Figure 6 : Sédimentologie, géochimie et minéralogie de la formation Posidonia Shale. Les données biostratigraphiques, faciologiques et de géochimie minérale sont tirées de la coupe de Dotternhausen (modifié d’après Schmid-Röhl et al., 2002). La minéralogie est issue de Song et al., 2014.

Le modèle de dépôt proposé par Röhl et Schmid-Röhl (2005) suggère l'isolement du bassin sud-ouest germanique à la suite d’une baisse du niveau marin, induisant une restriction de la circulation des eaux au début du Toarcien (biozone à tenuicostatum). Cette configuration va permettre le dépôt de faciès fins riches en matière organique dans le centre du bassin et des faciès soumis à l’action des courants et des tempêtes dans des zones plus proximales (faciès mudstones laminés, Figure 7-A à C). L’augmentation lente du niveau marin et la restriction de paléocirculations océaniques (entre le sommet de la sous-biozone à semicelatum et la base de la sous-biozone à elegans) induit une conservation des conditions anoxiques du fond de l’eau,

et le dépôt de faciès riches en matière organique (faciès « oil shale », Figure 7-D). Ultérieurement, une amélioration des conditions d’oxygénation et une légère chute du niveau marin relatif permet le dépôt de plusieurs niveaux bioturbés liés à des événements de tempêtes (sommet de la sous-biozone à elegans). L’amélioration des conditions d’oxygénation va se traduire par une baisse des taux de TOC, probablement due à une meilleure communication entre les sous-bassins, et un mélange des masses océaniques à la suite de la remontée du niveau marin à la limite des biozones à falciferum et bifrons (Röhl, 1998). Ultérieurement, le centre du bassin est à nouveau le siège de conditions anoxiques (base de la biozone à bifrons). L’anoxie sera alors interrompue par de courtes périodes de conditions oxygénées associées à une meilleure agitation de l’eau (Figure 7-E).

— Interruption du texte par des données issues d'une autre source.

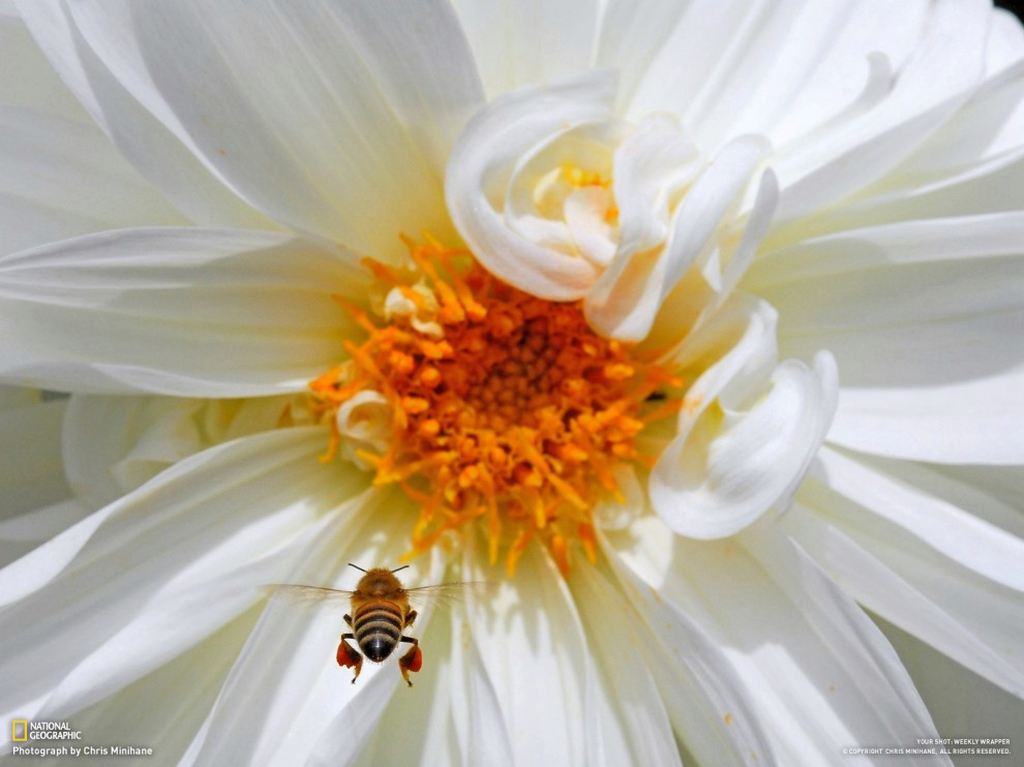    National Geographic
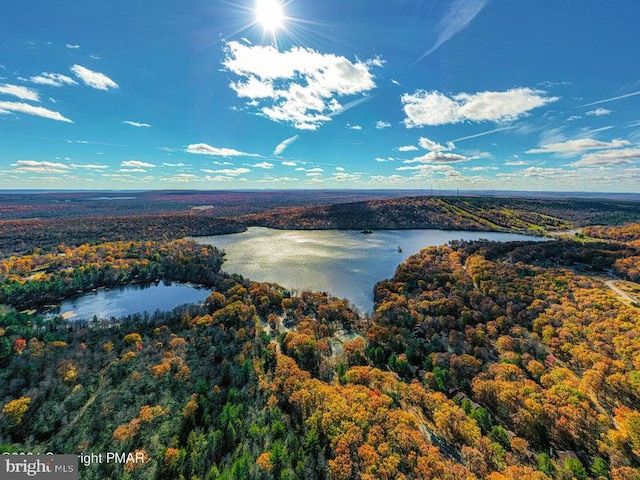 aerial view featuring a forest view and a water view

Ces auteurs considèrent la formation Barnett shale comme des dépôts profonds, déposés en environnement euxinique sous la limite d’action des vagues de tempêtes. Röhl et Schmid-Röhl (2005) interprètent la formation Posidonia shale comme des dépôts riches en matière organique mis en place dans un contexte de bassin peu profond suite à une transgression lente dans lequel les dépôts sont soumis à des courants de tempêtes.

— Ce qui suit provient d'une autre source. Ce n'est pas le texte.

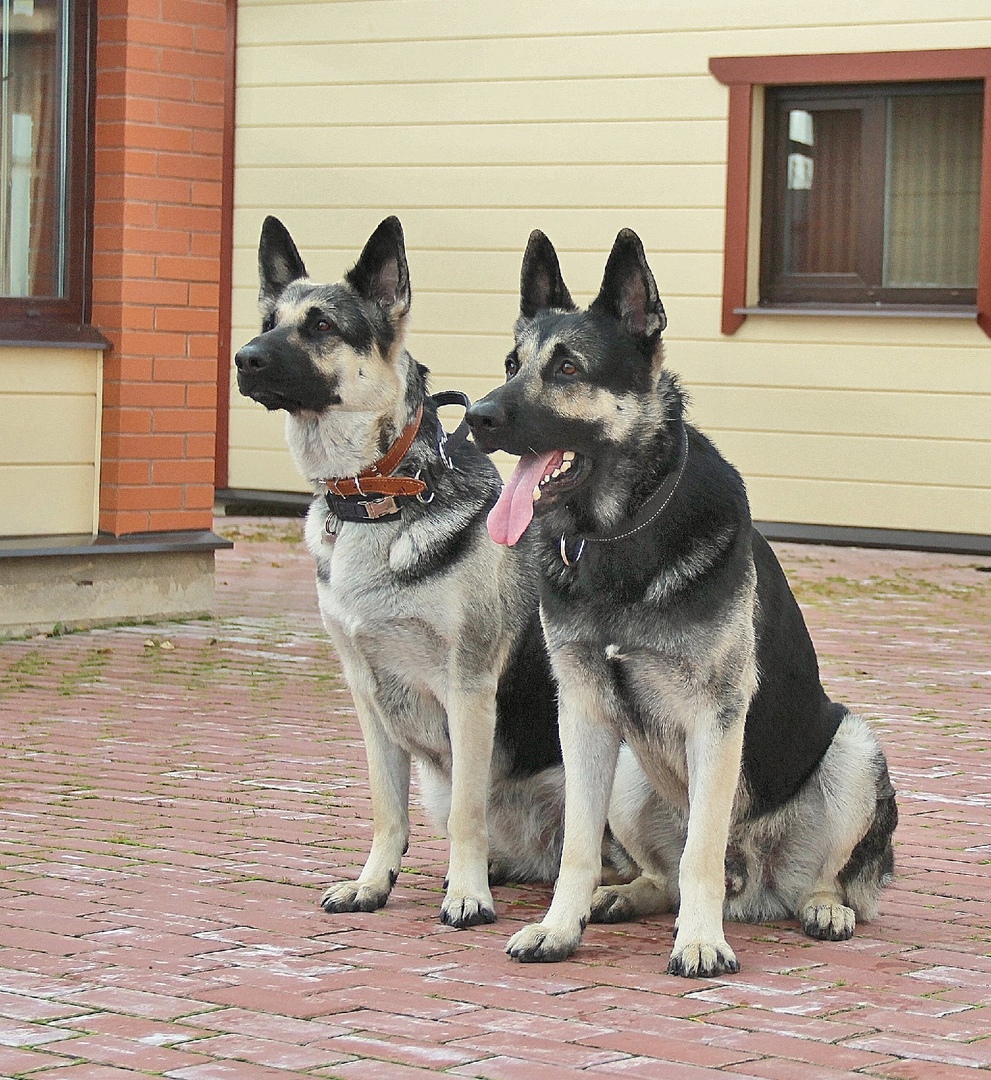 Кошки в нашей жизни. Кошки и все, что с ними связано.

Ce modèle est en contradiction avec celui proposé pour la formation Barnett Shale qui invoque un environnement profond (Loucks et Ruppel, 2007). De nombreux auteurs ont également interprété les argiles noires du Toarcien inférieur comme des dépôts profonds associés à une transgression rapide ou à un taux de subsidence élevé (Hallam et Bradshaw, 1979; Jenkyns, 1985, 1988; Wignall, 1991; Hesselbo et Jenkyns, 1995, 1998; Jenkyns et al., 2001) alors que le modèle peu profond est également invoqué pour les dépôts argileux jurassiques du Boulonnais (Wignall, 2001; Wignall et Newton, 2001).

Il est évident que la compréhension fine de la mise en place des séries riches en matière organique est loin d’être acquise. Plusieurs modèles existent pour des contextes eustatiques, et tectoniques différents. Il est important de garder à l’esprit la complexité de ces systèmes afin de mieux approcher les facteurs de contrôle. Ainsi, au delà de la caractérisation géochimique et lithologique, la compréhension de ces systèmes passe par celle du contexte paléogéographique, tectonique, eustatique afin de mieux contraindre le schéma stratigraphique qui définit un modèle de dépôt fiable.